The two folders genuinely should be in different scopes (Cybersader’s projects ≠ Bob’s projects), but the rule’s pattern doesn’t capture the parent context. The forward direction fired the wrong rule on one of them — both inputs accidentally produce the same output. Collision = pattern over-match. The fix is a more specific pattern (^Entity/(?<owner>[^/]+)/Projects/(?<rest>.+)$) or scoping the anchor more narrowly.

Lossy example (same setup, different problem):

Rule transfer: marker-only with marker "inbox"
folder 1: Capture/Inbox/scratch.md        → #-inbox  (this is correct; the rule fires correctly)
folder 2: Capture/Inbox/2026/Q2/notes.md  → #-inbox  (also correct)

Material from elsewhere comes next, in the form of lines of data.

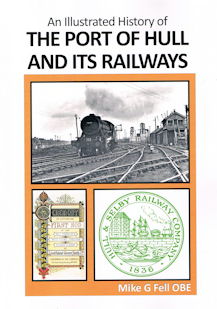 An Illustrated History of the Port of Hull and Its Railways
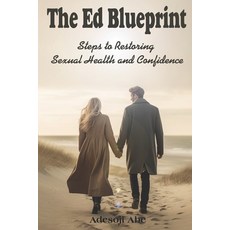 (英文圖書) The ED Blueprint: Steps to Restoring Sexual Health and Confidence 平裝版, Independently Published, 英文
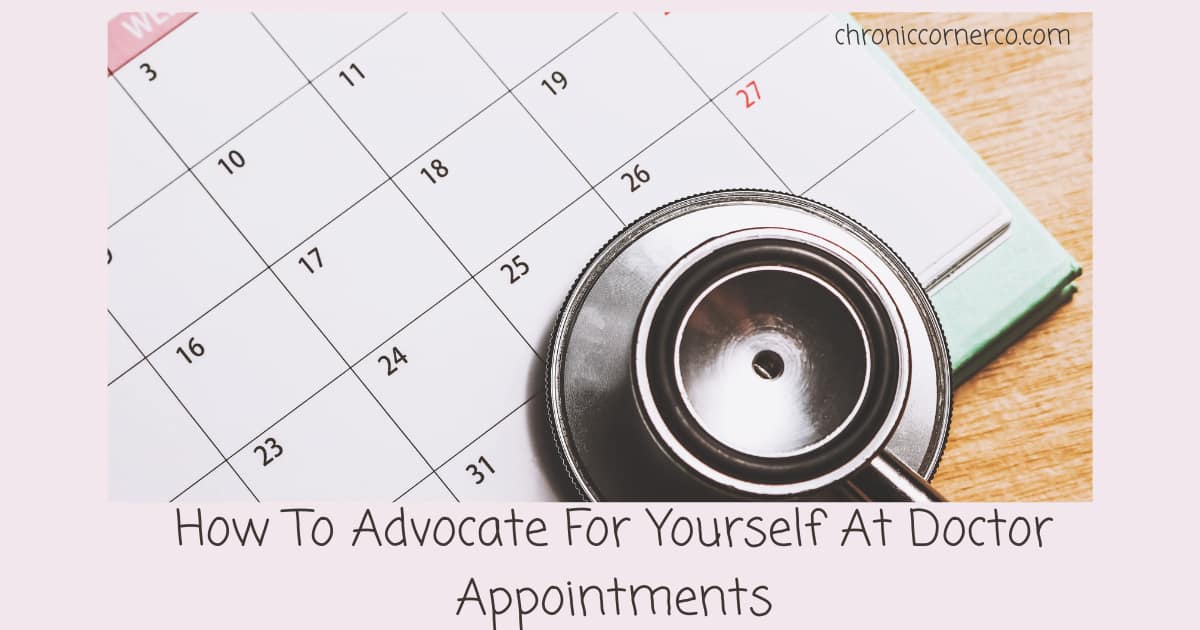 How To Advocate For Yourself At Doctor Appointments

inverse: #-inbox → Capture/Inbox/   ← can't tell which file's inbox path produced the tag

The pattern fires on the right files. The transfer op (by design) collapses everything beneath Capture/Inbox to one tag. The inverse direction can’t reconstruct the specific path because the forward direction was many-to-one. Lossy ≠ wrong; lossy = the intended behavior was many-to-one and the inverse is structurally limited.

The two failure modes can co-occur — a rule can have an over-permissive pattern and a lossy transfer op — but they’re independent dimensions. Fixing one doesn’t fix the other.

Why “bijection visibility” matters more than “always bijective”

You can read this whole page two ways:

“We should only ship rules that are bijective.” This is wrong. Marker-only, promotion-to-root, post-coordination — all lossy by design — are useful rules. The library-science vocabulary for why you’d want each one is in Transfer operations. Forcing bijection just disallows useful rules.
“We should make per-rule bijection visible at authoring time.” This is right. The user picks the rule and the tradeoff; the system’s job is to make the tradeoff legible — “this rule will not round-trip from tag back to folder; here’s what survives the inverse.” That’s what the typed-spec does today via cardinality + bijective metadata, and what path templates would do more directly via slot-overlap visibility.

The abstraction question explored in the research log entries is not “how do we force determinism.” It’s “how do we make per-rule determinism status visible at authoring time so the user authors with full information.” Bare regex hides this; path templates expose it. Both can be valid in a hybrid system; the system’s job is to be honest about which is which.